## Input for this task
□ □ □ □ □

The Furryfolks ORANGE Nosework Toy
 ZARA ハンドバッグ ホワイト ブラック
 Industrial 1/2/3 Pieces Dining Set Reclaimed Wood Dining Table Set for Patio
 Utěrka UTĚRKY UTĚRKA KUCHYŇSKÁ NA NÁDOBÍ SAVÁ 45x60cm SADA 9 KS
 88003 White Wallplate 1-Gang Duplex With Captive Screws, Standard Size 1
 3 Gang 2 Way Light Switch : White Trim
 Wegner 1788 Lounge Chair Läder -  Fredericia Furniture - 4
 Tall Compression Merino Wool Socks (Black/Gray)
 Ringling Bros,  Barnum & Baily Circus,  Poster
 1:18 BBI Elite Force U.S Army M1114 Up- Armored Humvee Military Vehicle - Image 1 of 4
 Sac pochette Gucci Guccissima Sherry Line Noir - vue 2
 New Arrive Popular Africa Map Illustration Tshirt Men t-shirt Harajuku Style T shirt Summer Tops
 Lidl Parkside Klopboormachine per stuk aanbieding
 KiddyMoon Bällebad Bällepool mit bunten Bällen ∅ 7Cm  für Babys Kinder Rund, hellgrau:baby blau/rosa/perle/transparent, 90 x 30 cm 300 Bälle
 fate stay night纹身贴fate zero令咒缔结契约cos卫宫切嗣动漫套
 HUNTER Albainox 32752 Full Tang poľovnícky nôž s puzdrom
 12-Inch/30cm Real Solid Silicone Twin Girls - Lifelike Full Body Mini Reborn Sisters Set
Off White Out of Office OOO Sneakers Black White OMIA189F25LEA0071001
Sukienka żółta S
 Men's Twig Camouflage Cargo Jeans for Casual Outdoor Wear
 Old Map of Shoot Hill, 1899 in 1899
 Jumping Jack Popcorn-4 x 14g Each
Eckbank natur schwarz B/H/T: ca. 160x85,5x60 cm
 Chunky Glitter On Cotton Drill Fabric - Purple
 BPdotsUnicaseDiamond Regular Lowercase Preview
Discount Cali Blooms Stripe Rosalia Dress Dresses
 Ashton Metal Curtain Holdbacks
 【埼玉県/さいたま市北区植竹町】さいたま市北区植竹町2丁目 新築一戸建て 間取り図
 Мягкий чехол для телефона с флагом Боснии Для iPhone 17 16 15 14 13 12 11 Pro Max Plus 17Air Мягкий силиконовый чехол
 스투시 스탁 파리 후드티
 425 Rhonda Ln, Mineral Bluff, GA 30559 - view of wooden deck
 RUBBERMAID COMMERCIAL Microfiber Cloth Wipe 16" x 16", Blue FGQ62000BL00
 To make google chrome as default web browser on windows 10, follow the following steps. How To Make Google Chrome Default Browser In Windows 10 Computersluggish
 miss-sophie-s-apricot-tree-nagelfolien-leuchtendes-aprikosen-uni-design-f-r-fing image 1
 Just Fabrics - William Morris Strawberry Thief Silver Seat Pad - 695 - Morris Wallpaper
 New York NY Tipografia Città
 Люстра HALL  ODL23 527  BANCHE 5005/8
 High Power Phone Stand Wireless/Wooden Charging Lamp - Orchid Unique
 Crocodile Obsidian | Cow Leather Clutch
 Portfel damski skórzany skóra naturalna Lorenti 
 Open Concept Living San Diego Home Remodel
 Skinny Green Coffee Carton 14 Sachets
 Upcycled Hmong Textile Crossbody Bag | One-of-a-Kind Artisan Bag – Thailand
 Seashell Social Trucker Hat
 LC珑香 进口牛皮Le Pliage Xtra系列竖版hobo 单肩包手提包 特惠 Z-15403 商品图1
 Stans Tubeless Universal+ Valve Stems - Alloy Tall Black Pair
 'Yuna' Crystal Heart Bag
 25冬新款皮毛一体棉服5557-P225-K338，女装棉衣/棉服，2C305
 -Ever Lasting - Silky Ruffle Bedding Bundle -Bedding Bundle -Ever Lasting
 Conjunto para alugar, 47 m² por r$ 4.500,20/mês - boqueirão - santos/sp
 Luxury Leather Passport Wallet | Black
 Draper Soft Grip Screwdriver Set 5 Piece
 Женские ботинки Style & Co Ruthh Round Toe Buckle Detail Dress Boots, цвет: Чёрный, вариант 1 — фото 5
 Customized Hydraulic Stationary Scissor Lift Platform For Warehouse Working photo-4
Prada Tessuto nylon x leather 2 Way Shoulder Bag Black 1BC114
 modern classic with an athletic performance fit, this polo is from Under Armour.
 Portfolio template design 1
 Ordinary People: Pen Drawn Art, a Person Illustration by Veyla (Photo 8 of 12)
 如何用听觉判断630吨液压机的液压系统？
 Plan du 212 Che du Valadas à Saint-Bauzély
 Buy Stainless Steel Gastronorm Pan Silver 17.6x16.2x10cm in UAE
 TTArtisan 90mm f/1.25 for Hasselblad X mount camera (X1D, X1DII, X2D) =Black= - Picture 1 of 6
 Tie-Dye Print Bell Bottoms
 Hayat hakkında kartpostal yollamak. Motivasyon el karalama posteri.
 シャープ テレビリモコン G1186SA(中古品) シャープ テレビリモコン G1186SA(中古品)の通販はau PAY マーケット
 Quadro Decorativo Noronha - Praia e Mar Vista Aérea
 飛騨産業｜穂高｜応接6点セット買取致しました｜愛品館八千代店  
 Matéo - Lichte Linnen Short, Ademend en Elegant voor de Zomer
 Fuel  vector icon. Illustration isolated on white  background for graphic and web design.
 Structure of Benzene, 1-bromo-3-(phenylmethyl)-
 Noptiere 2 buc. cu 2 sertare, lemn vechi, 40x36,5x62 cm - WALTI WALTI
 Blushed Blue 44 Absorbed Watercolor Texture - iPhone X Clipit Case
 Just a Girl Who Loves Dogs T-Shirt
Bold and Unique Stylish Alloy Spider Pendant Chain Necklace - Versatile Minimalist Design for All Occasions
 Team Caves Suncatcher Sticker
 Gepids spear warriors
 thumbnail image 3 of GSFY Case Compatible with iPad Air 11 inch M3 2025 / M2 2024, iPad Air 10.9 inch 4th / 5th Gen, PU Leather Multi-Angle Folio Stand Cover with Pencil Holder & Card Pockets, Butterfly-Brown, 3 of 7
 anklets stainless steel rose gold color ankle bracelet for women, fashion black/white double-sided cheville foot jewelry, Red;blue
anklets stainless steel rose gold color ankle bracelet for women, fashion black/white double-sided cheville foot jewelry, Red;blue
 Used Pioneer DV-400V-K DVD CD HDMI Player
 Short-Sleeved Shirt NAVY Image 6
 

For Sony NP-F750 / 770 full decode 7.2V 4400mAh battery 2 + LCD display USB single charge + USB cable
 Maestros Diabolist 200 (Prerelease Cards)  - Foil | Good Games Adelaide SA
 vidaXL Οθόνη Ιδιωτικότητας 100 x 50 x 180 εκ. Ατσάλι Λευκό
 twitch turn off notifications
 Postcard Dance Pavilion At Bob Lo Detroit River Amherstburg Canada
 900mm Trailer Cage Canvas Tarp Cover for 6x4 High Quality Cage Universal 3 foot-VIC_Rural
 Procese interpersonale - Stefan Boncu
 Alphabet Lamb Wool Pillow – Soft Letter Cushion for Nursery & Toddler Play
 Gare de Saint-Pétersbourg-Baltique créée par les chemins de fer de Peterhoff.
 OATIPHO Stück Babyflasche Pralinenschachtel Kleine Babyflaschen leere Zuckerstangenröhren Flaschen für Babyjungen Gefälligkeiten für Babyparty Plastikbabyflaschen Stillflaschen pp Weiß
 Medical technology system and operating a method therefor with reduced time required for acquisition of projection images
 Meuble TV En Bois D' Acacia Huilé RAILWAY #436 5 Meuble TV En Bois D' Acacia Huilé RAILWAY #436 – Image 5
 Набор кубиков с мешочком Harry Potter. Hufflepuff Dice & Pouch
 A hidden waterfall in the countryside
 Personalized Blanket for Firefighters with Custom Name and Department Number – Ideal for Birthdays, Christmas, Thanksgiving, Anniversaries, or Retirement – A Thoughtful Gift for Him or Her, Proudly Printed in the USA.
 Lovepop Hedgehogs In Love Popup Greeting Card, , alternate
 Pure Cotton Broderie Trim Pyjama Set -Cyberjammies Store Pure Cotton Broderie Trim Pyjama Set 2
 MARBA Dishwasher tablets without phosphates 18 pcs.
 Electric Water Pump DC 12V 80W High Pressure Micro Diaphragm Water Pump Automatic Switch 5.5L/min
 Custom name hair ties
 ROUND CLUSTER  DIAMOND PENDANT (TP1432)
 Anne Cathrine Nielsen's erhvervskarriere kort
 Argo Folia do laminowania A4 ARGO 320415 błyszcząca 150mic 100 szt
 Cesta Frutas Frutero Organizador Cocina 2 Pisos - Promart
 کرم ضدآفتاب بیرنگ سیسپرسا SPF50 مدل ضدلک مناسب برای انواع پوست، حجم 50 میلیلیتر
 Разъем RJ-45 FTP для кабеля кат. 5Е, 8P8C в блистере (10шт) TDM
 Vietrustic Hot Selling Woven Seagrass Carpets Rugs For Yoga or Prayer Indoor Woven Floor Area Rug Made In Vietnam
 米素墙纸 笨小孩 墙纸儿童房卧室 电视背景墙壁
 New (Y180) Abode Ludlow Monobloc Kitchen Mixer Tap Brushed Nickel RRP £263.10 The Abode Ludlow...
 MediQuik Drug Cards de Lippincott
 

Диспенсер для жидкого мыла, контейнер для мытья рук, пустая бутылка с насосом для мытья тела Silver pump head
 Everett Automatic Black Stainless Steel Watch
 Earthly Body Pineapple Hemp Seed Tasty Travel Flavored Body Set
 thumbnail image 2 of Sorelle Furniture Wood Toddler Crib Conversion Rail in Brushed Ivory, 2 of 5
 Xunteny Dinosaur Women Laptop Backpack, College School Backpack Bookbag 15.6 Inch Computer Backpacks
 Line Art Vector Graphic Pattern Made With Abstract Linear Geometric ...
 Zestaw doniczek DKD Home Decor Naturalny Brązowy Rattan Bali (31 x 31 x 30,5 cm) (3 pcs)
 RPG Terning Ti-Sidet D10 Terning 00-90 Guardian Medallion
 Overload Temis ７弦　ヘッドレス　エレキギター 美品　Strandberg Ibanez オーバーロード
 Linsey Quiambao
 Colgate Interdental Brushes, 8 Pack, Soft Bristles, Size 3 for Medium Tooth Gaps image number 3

□ □ □ □ □

## Aim of the task
Copy the stretch of the records above that runs from the line with "High Power Phone" through the line with "-Ever Lasting - Silky". Both end lines belong in the copy, and nothing else does.

## Task answer
 High Power Phone Stand Wireless/Wooden Charging Lamp - Orchid Unique
 Crocodile Obsidian | Cow Leather Clutch
 Portfel damski skórzany skóra naturalna Lorenti 
 Open Concept Living San Diego Home Remodel
 Skinny Green Coffee Carton 14 Sachets
 Upcycled Hmong Textile Crossbody Bag | One-of-a-Kind Artisan Bag – Thailand
 Seashell Social Trucker Hat
 LC珑香 进口牛皮Le Pliage Xtra系列竖版hobo 单肩包手提包 特惠 Z-15403 商品图1
 Stans Tubeless Universal+ Valve Stems - Alloy Tall Black Pair
 'Yuna' Crystal Heart Bag
 25冬新款皮毛一体棉服5557-P225-K338，女装棉衣/棉服，2C305
 -Ever Lasting - Silky Ruffle Bedding Bundle -Bedding Bundle -Ever Lasting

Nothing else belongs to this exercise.